Budaya-Tionghoa.Net | Peran wanita dalam perkembangan filsafat barat amat sangat jarang dibahas dan ironisnya adalah para filsuf barat yang mendapatkan pencerahan atau inspirasi dari para wanita tenggelam dibalik keengganan mereka mengakui peran wanita yang memberikan inspirasi. Filsuf seperti David Hume, John Locke, Voltaire, Rosseau hanya beberapa nama.
|
Salon adalah tempat mayoritas para filsuf bercengkrama, tapi apa itu salon ? Apakah hanya sekedar tempat menata rambut seperti yang kita kenal sekarang ini atau tempat para pria minum minuman keras untuk pelepas ketegangan dari kehidupan sehari-hari ? Atau memiliki fungsi yang lebih luas ?
Pertanyaan ini harus dijelaskan terlebih dahulu sebelum bisa memahami peran para wanita terutama salonieire yang memiliki peran penting dalam proses sejarah filsafat barat. Salon dan saloniere bisa serupa dengan tempat hiburan pria dengan para geisha atau geji dalam tradisi Jepang maupun Tiongkok, saloniere bisa setara dengan lady escourt yang bertebaran di abad 20 dan 21 ini.
Hal seperti ini tidaklah aneh jika kita melihat pendidikan para geisha dan geji yang menguasai sastra, seni, bahkan pengetahuan-pengetahuan yang dimiliki sebagai suatu bekal mereka dalam melayani para tamunya. Selain pengetahuan yang sudah mereka miliki, kelebihan para wanita yang berada di salon adalah pergaulannya yang begitu luas sehingga menambah wawasan mereka diberbagai bidang.
Jadi para saloniere dan geisha serta geji tidak selalu urusan dengan prostitusi murahan atau eksploitasi sex semata yang ditawarkan tapi juga pengetahuan dan saling berbagi rasa yang mereka dapatkan bisa berkaitan dengan seni, pengetahuan, filsafat dan diskusi yang mendalam, tidak harus selalu berujung dengan hubungan sexual walau tidak dipungkiri ada yang mengarah kesana.

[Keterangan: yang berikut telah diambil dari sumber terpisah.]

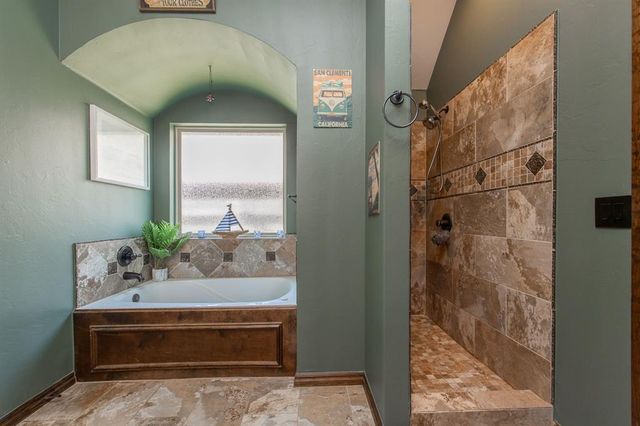 18121 Haslemere Lane, Edmond, OK 73012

Salon juga bisa berfungsi sebagai tempat para wanita untuk mendapatkan pengetahuan dan menambah wawasan mereka, karena itu tidaklah aneh jika para wanita yang di salon itu disebut blue stocking atau wanita yang haus pengetahuan, kocak, independen, memiliki kekuatan atau charisma.
Pandangan para filsuf Enlightment tentang kebebasan dan kesetaraan hak bisa meliputi orang Yahudi, anak-anak dan orang Indian tapi peran dan kesetaraan wanita tidak tersentuh di dunia yang memegang paham paternalistic apalagi para wanita digambarkan harus penurut, pendiam, harus merendahkan diri, sopan.
Walau demikian para saloniere tidaklah seperti yang digambarkan seperti diatas, dan ada beberapa filsuf yang juga berdebat tentang peranan para wanita yang seharusnya lebih luas, seperti Mary Wollstonecraft, Marquis de Condorcet, Theodor von Hipple , Josefa Amar. Persamaan hak itu tidak lahir ditangan para filsuf Enlightment karena banyak dari mereka masih terkungkung pada pandangan budaya Eropa terhadap wanita apalagi para saloniere dianggap sebagai yang terkutuk dan diejek.
Walau dipandang buruk tapi faktanya para filsuf enlightment sering berdiskusi dengan saloniere dan peran saloniere dalam perubahan-perubahan besar di Eropa terasa jejaknya. Pandangan seragam para filsuf masa itu tentang kesucian dan hubungan sex di luar pernikahan tidaklah mengubah kenyataan bahwa para wanita itu memiliki pengaruh besar bagi perkembangan enlightment di Eropa. Dan pandangan tradisionil tentang wanita itu menyapu mereka dari catatan sejarah resmi.